Asmal, Minister of Water and Forestry Affairs and chair of the Cabinet’s National Conventional Arms Control Committee, told a public conference that he could justify Denel dealing with CENSORED, and that the United States also sold huge amounts of arms to CENSORED.

Less than 24 hours earlier, Denel had successfully interdicted the M&G from naming the country to which it proposes to sell the G6 cannons. On the same day that Asmal named the country in public, Denel successfully interdicted Independent Newspapers.

In argument before Judge Willem de Villiers in the Pretoria High Court, Denel’s lawyers extensively quoted Asmal’s comments when he announced a “new Cabinet-approved policy on transparency or openness in arms transfer matters” at a media conference last Wednesday.

“At the end of the day there are such things as commercial confidentiality and trade secrets. There is such a thing as the genuine national interest,” Denel lawyers quoted Asmal as saying.

Judge de Villiers agreed. In his reasons for granting the urgent interdict he said: “No other facts have been placed before me to indicate that it is in the public interest that confidential parts of the instant transaction should be made public. To my mind, the applicant [Denel] has shown not only a prima facie right, but indeed a clear right that the confidential information should not be published.”

Yet, the following day, Asmal showed no hesitation in discussing the deal in public, says the director of the Washington-based Human Rights Watch Arms Project, Joost Hiltermann. The lobbyist for transparency in the arms trade was at a Cape Town conference organised by the Centre for Conflict Resolution, along with at least one journalist.

“Kader Asmal gave a lengthy presentation, and there was an opportunity for questions afterwards. I asked him how he justified the deal currently being discussed by the arms control committee to sell arms to CENSORED,” Hiltermann said.

“I was aware that this was the country to which reference has been made in the South African press. He did not respond, and when a colleague of mine was given an opportunity to ask him a question, I asked her to repeat my question, again explicitly naming CENSORED.

“This time he answered, saying he had no problem in justifying the deal. He said a lot of countries sell arms to CENSORED. He said the United States sold huge amounts of arms to CENSORED. He said they needed the arms from South Africa for self-defence purposes and that if they could prove that, it would be easy to justify.

“I don’t see how papers in South Africa cannot go ahead and publish the name of the country,” Hiltermann said, “quoting Kader Asmal.” A representative of Asmal said Hiltermann was “stretching it” and “confusing the general with the particular.

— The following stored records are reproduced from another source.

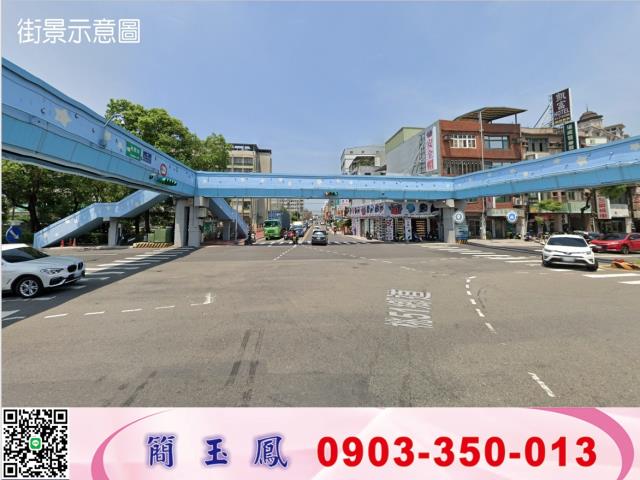 桃園八德廠房-0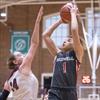 High school girls basketball rankings: Six MaxPreps Top 25 teams preparing for GEICO Nationals, State Champions Invitational
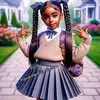 Frankie Jay - @frankie.jay5 - TikTok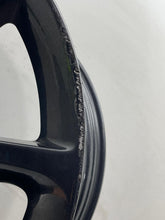 Load image into Gallery viewer, Wheel Rim 2013 - NW647141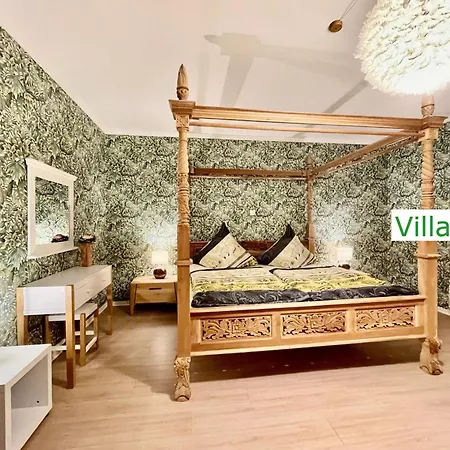 Emg Nah Muenster Riesenbeck Osnabrueck Mit Pool, Sauna, Garten Fuer Familien Gruppen Bis 23 Personen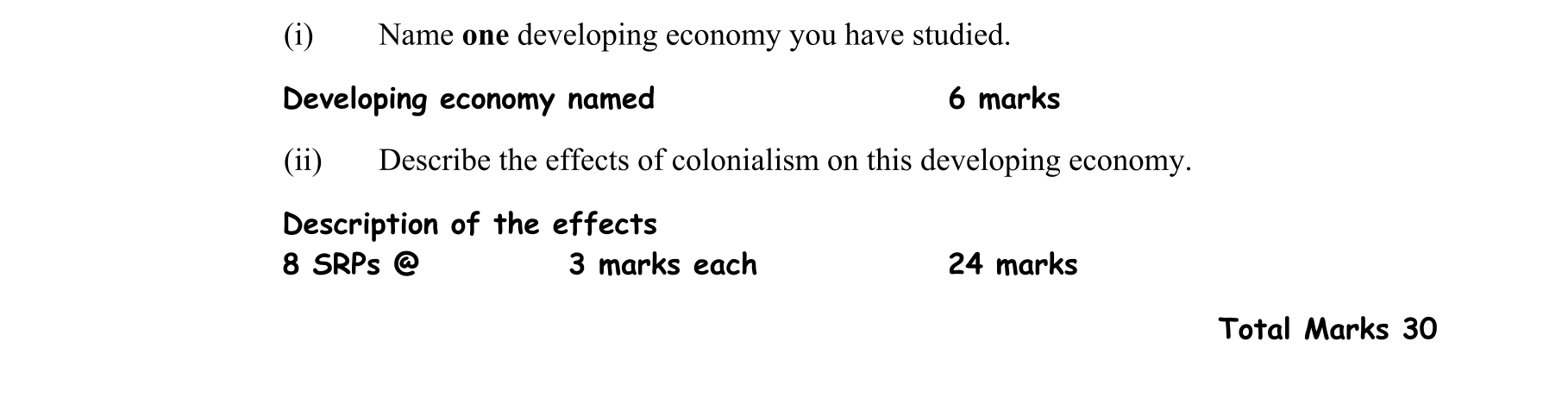 Solution for 15c8e928-ce8c-4834-b5a4-4518186cc7f2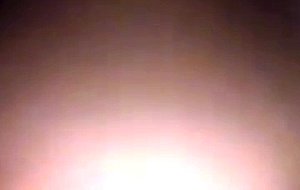 Creampied teen whore 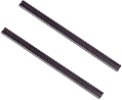 זוג סכינים נוסף - מקצוע החשמלי TC-PL 750 מבית Einhell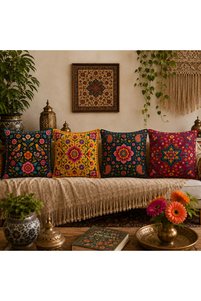 Related product image LadiesHome Cushions and Cushion Covers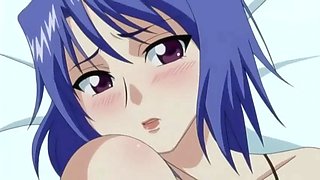 Lover in Law Episode 2 English Sub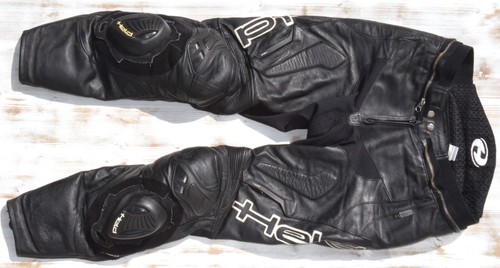 Held hrd motorradhose - hrd,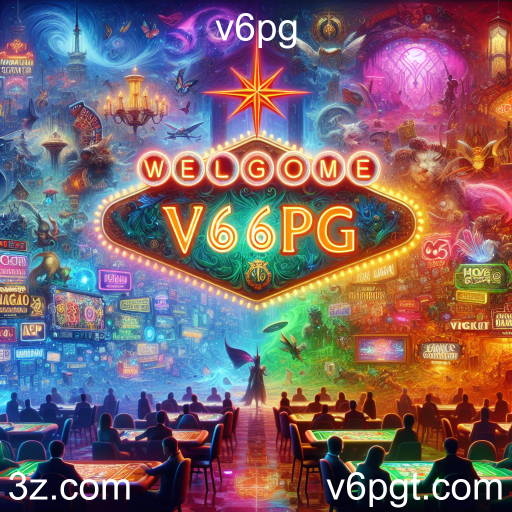 A Magia dos Jogos de RPG: Uma Jornada Imersiva pelo Fantástico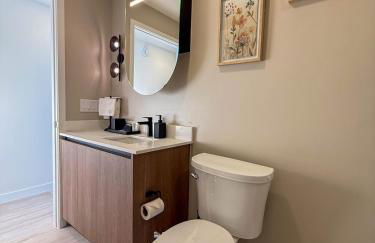 Luxury View-Walk to beach! - Foto 15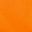 Neon Orange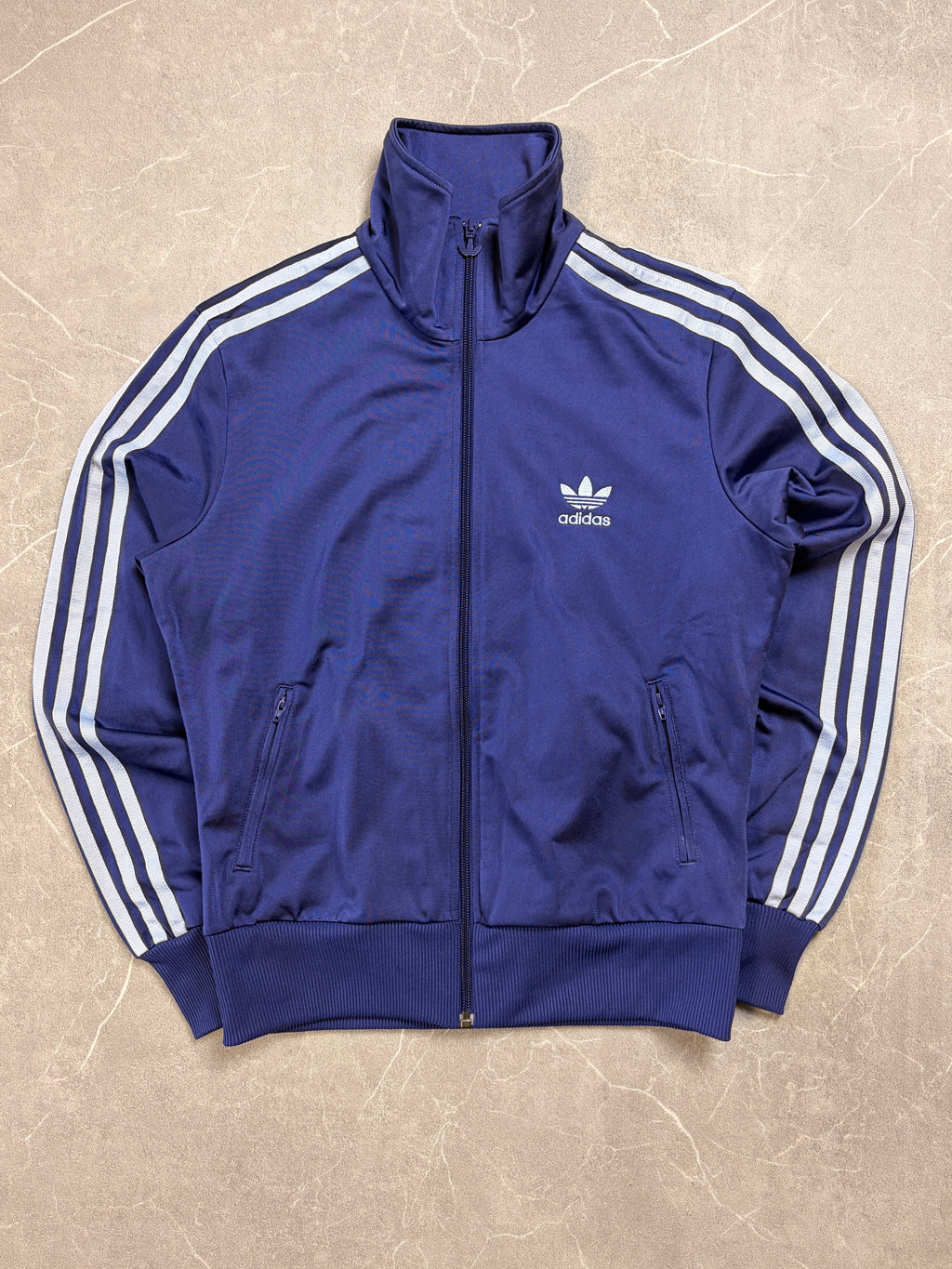 Adidas Firebird Trackjacket (M/38)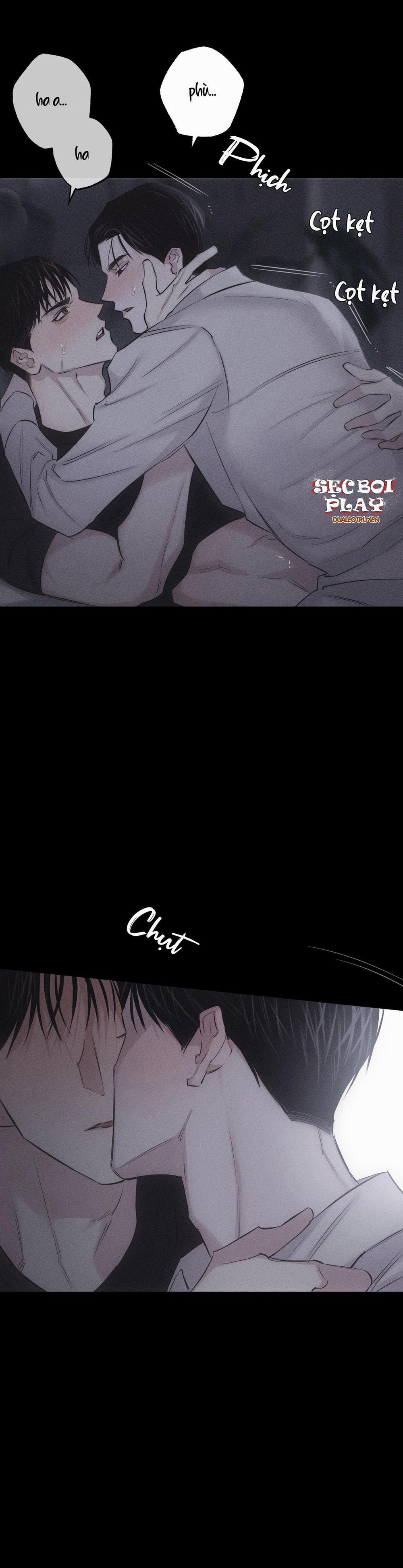 Hình Thái Tình Tan 8 h++ trang 34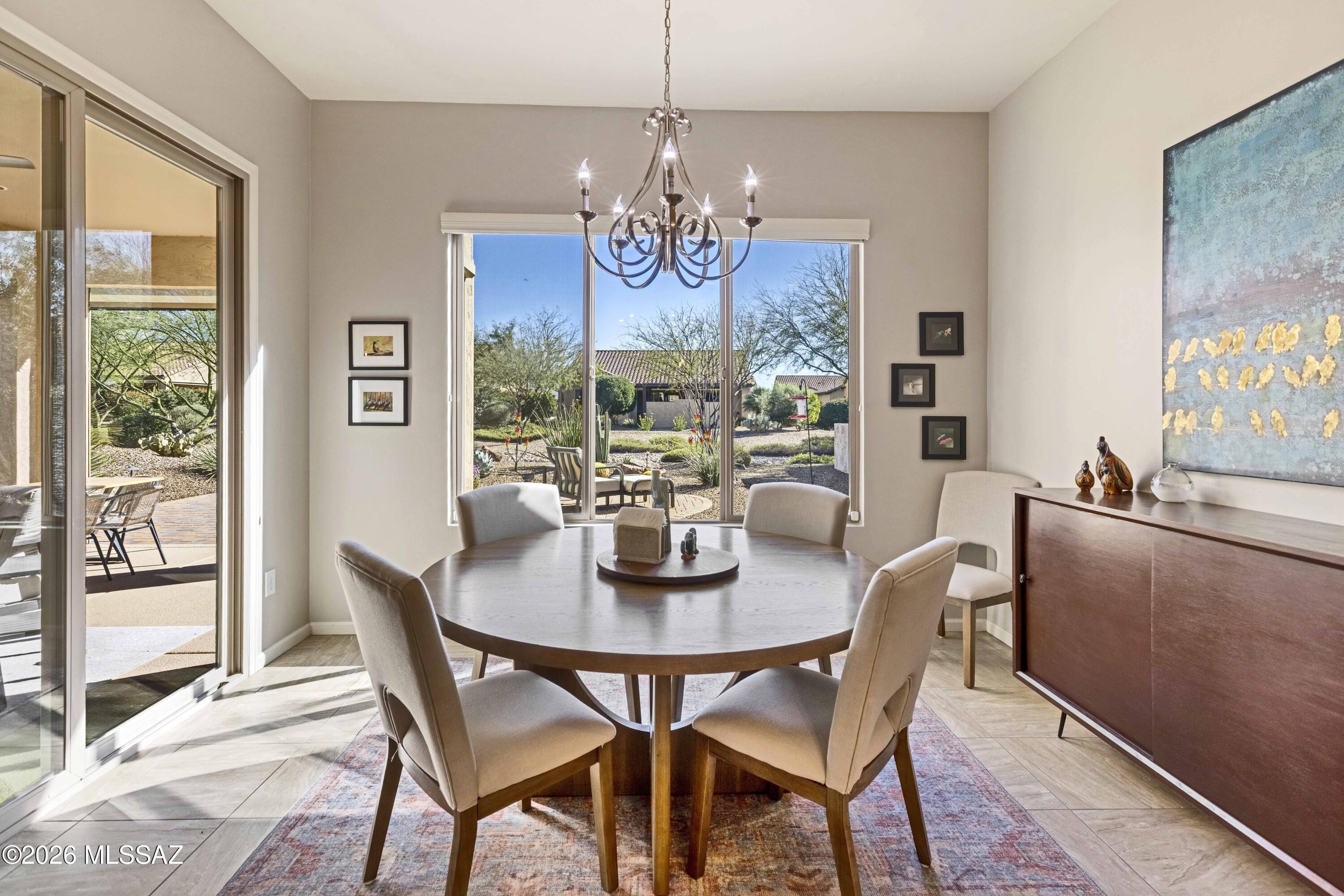 61309 E Happy Jack Trail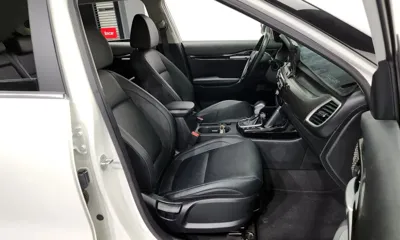 Kia Seltos 2023, 46829 км, за 14319.49 USD - фото 10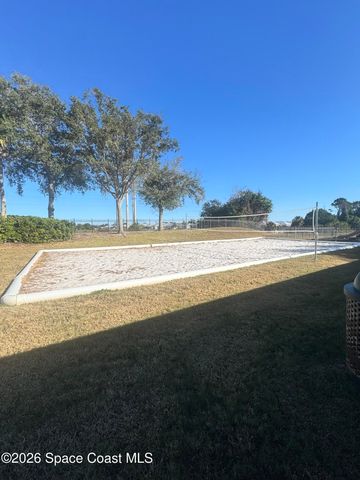 4575 Radiant Way W 102, Melbourne, FL 32901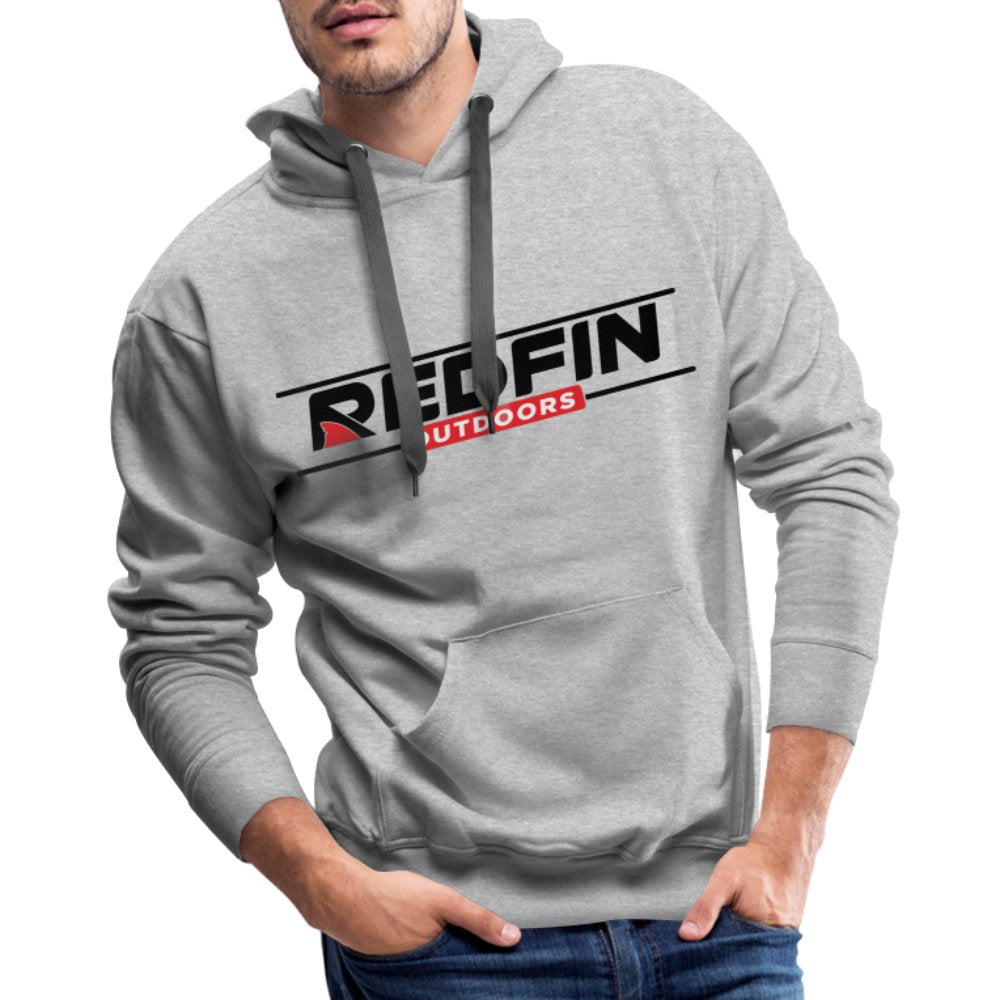 redfin-outdoors-men-s-premium-hoodie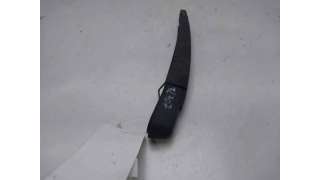 BRAZO LIMPIA TRASERO MERCEDES-BENZ CLASE M (2005-2009) ML 280 CDI 4-MATIC (164.120) 190CV 2987CC - L.8344538 / A80007277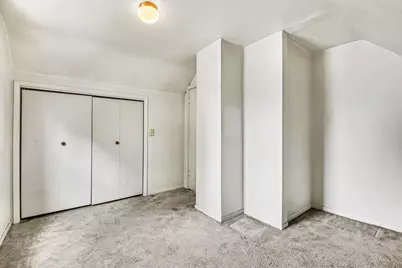 2909 Union Avenue SE, Grand Rapids, MI 49548 - Photo 18
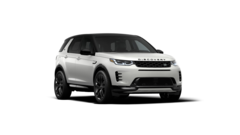 2026 Land Rover Discovery Sport Landmark 249PS Auto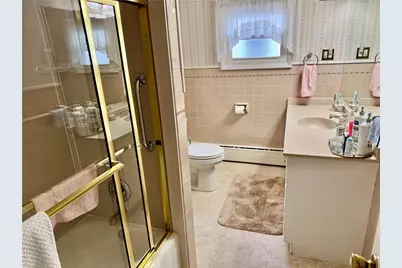137 N 3rd Street, Lehighton, PA 18235 - Photo 11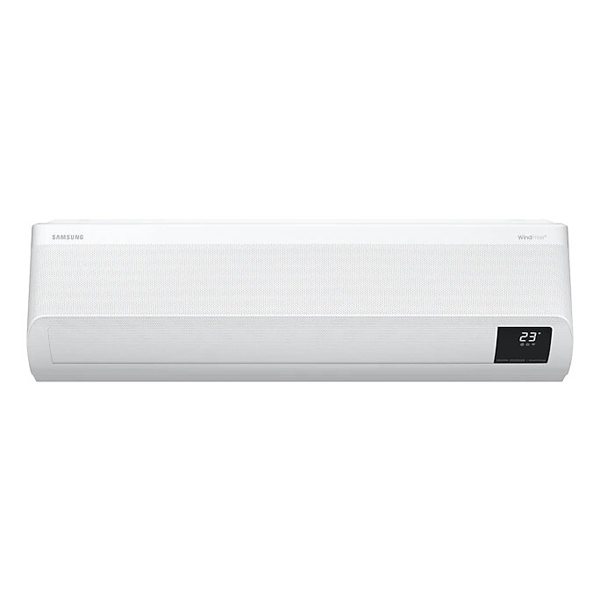 Multi Split Klima WindFree™ Duvar Tipi İç Ünite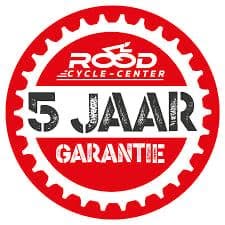 Rood Cycle-Center, Zuid-Scharwoude openingstijden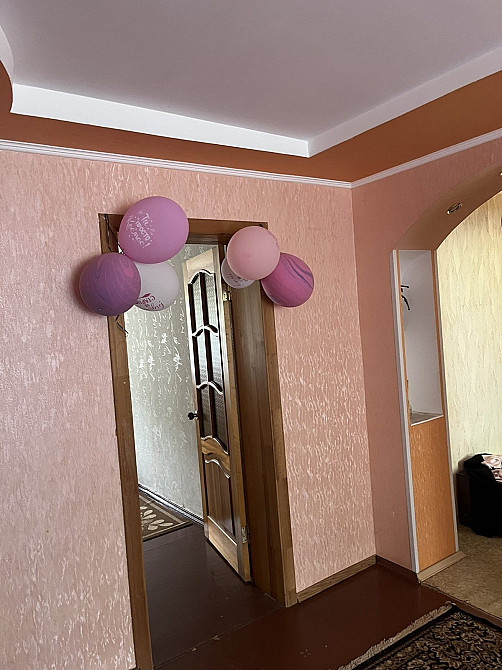 Оренда 3 к. квартири р-н Браїлки Полтава - изображение 3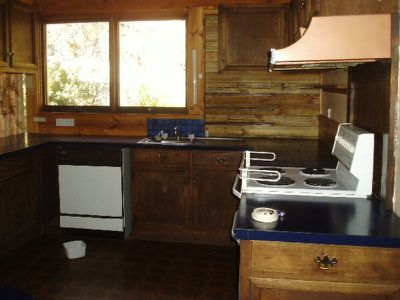 111 King Edward Street, Cohuna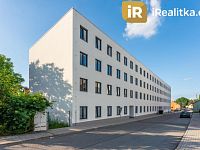 Prodej bytu, 2+kk, 53 m², Svitavy - Foto 17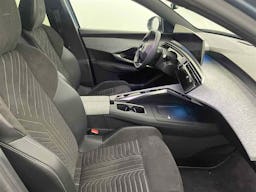 Peugeot 3008  3008 HYBRID GT 145 occasion - Photo 12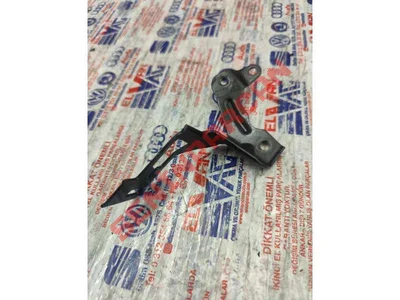 059145160AF - TUTUCU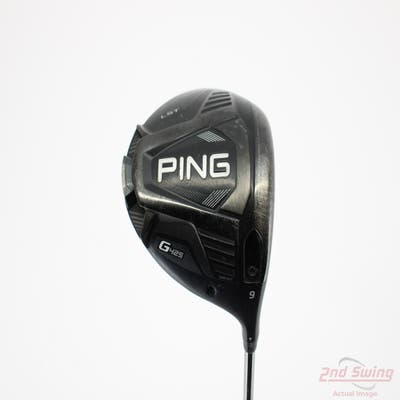 Ping G425 LST Driver 9° Ping Tour 65 Graphite Regular Right Handed 45.0in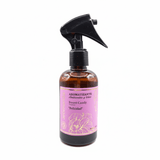 Aromatizador Textil Aromanza 200 ml Sweet Candy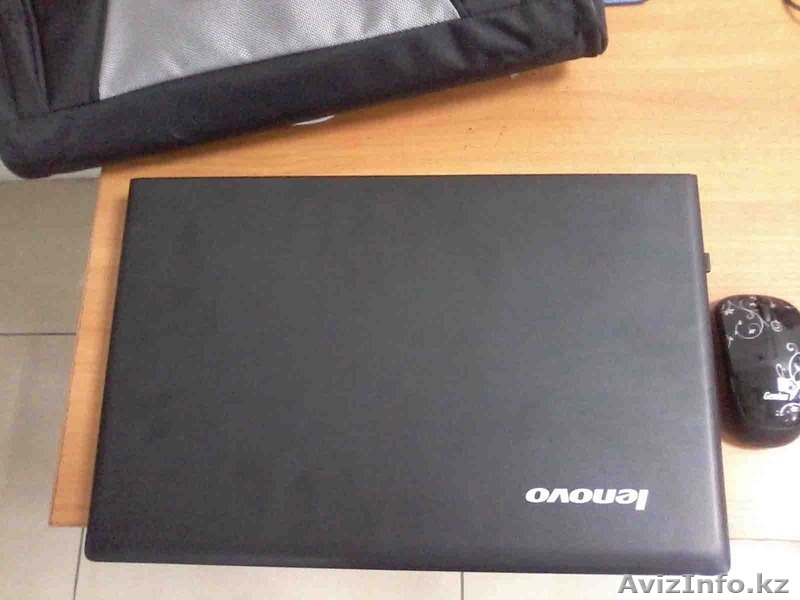 Ноутбук Lenovo G510 Цена В Алматы
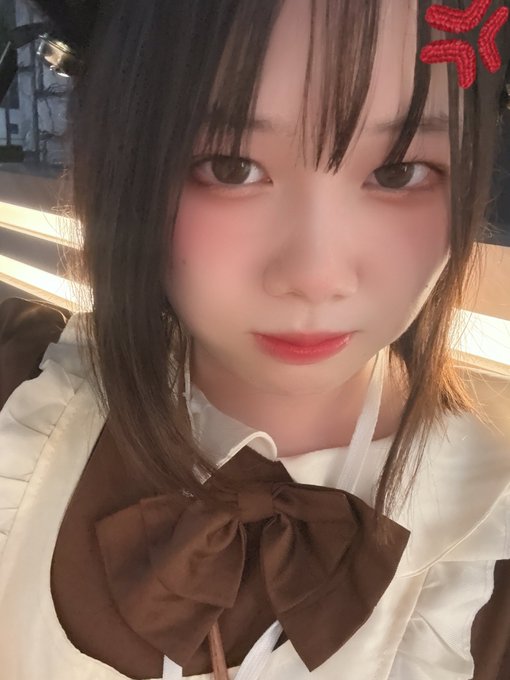 AnDiaのツイート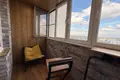 Apartamento 2 habitaciones 58 m² Gómel, Belarús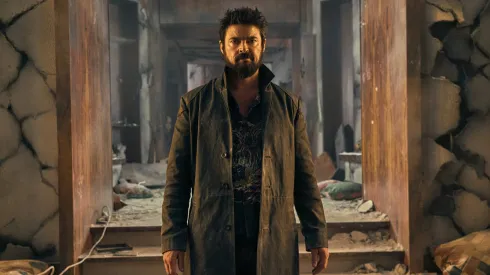 Mortal Kombat 2: fin de rodaje y nuevas caras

“Even if a minister says there is no problem selling arms to a particular country, this should not automatically be taken as an announcement confirming any particular contract. Professor Asmal has consistently respected the confidentiality of the country concerned in his utterances.”

The country has also been named on radio stations in South Africa which have not been interdicted by Denel. Newspapers abroad have also named it. Denel declined to say this week whether CENSORED had pulled out of the deal, as the arms dealer had warned in its court argument, as a result of Asmal’s candour and the wide coverage given to the name of the client.

* In its argument before Judge de Villiers, Denel said peace in Angola had severely affected its business, forcing it to retrench workers and contributing to unemployment in South Africa. Ironically, most South Africans were unaware of their country’s devastating war in Angola as the media was censored by the government at the time.

“As a result of the war in Angola, Denel was involved in many armament transactions resulting in a total necessary work force of approximately 28 000 people,” said the acting managing director of the state-owned company, Seshi Chonco, in an affidavit to the court. “As a result of peace in Angola, together with a revised policy in so far as state expenditure on military equipment is concerned, many retrenchments in the work force of Denel were necessitated.”

Calculating that every job at Denel sustains 10 in the private sector, Chonco said that a further 10 000 job losses in the private sector were threatened. However, if the deal went through, Denel could employ an extra 500 people, resulting in the employment of approximately 2 500 people in the private sector.

“Denel’s present situation is that as a result of diminishing arms sales approximately 2 000 workers will have to be disposed of in the very near future,” Chonco said.

“It is in the national interest that nothing should be done to endanger the conclusion of this arms deal.”

The Mail & Guardian will respond to Denel’s argument in the high court on August 19.